START RECORDS FOR THIS TASK

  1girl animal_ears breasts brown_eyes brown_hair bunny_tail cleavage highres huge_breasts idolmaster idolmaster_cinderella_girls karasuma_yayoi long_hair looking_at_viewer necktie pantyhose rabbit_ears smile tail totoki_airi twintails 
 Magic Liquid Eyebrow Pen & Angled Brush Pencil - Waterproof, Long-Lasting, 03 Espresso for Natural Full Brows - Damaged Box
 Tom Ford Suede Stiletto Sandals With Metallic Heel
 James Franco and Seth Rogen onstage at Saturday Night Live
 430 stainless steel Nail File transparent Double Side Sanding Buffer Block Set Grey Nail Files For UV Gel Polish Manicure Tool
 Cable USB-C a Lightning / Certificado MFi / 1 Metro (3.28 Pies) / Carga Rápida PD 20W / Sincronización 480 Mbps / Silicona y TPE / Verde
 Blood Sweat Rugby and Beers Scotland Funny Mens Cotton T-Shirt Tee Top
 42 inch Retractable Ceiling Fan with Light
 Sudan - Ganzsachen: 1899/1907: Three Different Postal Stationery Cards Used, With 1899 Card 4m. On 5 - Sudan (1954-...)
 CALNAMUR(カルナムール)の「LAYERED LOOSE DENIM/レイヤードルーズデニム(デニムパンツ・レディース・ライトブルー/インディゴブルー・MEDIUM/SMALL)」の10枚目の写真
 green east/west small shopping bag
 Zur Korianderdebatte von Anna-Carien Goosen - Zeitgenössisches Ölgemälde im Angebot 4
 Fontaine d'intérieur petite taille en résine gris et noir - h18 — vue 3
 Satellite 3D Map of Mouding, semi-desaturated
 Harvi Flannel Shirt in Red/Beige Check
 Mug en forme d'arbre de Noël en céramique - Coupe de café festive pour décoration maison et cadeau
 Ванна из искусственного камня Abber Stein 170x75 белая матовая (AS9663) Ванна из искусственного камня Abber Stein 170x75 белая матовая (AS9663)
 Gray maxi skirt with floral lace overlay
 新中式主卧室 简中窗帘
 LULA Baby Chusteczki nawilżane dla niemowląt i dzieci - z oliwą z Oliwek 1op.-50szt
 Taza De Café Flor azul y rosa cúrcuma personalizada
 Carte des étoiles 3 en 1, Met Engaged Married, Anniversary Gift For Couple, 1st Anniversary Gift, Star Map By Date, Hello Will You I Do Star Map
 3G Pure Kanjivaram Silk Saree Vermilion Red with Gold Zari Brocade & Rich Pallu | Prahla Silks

END RECORDS FOR THIS TASK

TASK BRIEF: Each line of the listing should be echoed back exactly.

FINAL ANSWER:
  1girl animal_ears breasts brown_eyes brown_hair bunny_tail cleavage highres huge_breasts idolmaster idolmaster_cinderella_girls karasuma_yayoi long_hair looking_at_viewer necktie pantyhose rabbit_ears smile tail totoki_airi twintails 
 Magic Liquid Eyebrow Pen & Angled Brush Pencil - Waterproof, Long-Lasting, 03 Espresso for Natural Full Brows - Damaged Box
 Tom Ford Suede Stiletto Sandals With Metallic Heel
 James Franco and Seth Rogen onstage at Saturday Night Live
 430 stainless steel Nail File transparent Double Side Sanding Buffer Block Set Grey Nail Files For UV Gel Polish Manicure Tool
 Cable USB-C a Lightning / Certificado MFi / 1 Metro (3.28 Pies) / Carga Rápida PD 20W / Sincronización 480 Mbps / Silicona y TPE / Verde
 Blood Sweat Rugby and Beers Scotland Funny Mens Cotton T-Shirt Tee Top
 42 inch Retractable Ceiling Fan with Light
 Sudan - Ganzsachen: 1899/1907: Three Different Postal Stationery Cards Used, With 1899 Card 4m. On 5 - Sudan (1954-...)
 CALNAMUR(カルナムール)の「LAYERED LOOSE DENIM/レイヤードルーズデニム(デニムパンツ・レディース・ライトブルー/インディゴブルー・MEDIUM/SMALL)」の10枚目の写真
 green east/west small shopping bag
 Zur Korianderdebatte von Anna-Carien Goosen - Zeitgenössisches Ölgemälde im Angebot 4
 Fontaine d'intérieur petite taille en résine gris et noir - h18 — vue 3
 Satellite 3D Map of Mouding, semi-desaturated
 Harvi Flannel Shirt in Red/Beige Check
 Mug en forme d'arbre de Noël en céramique - Coupe de café festive pour décoration maison et cadeau
 Ванна из искусственного камня Abber Stein 170x75 белая матовая (AS9663) Ванна из искусственного камня Abber Stein 170x75 белая матовая (AS9663)
 Gray maxi skirt with floral lace overlay
 新中式主卧室 简中窗帘
 LULA Baby Chusteczki nawilżane dla niemowląt i dzieci - z oliwą z Oliwek 1op.-50szt
 Taza De Café Flor azul y rosa cúrcuma personalizada
 Carte des étoiles 3 en 1, Met Engaged Married, Anniversary Gift For Couple, 1st Anniversary Gift, Star Map By Date, Hello Will You I Do Star Map
 3G Pure Kanjivaram Silk Saree Vermilion Red with Gold Zari Brocade & Rich Pallu | Prahla Silks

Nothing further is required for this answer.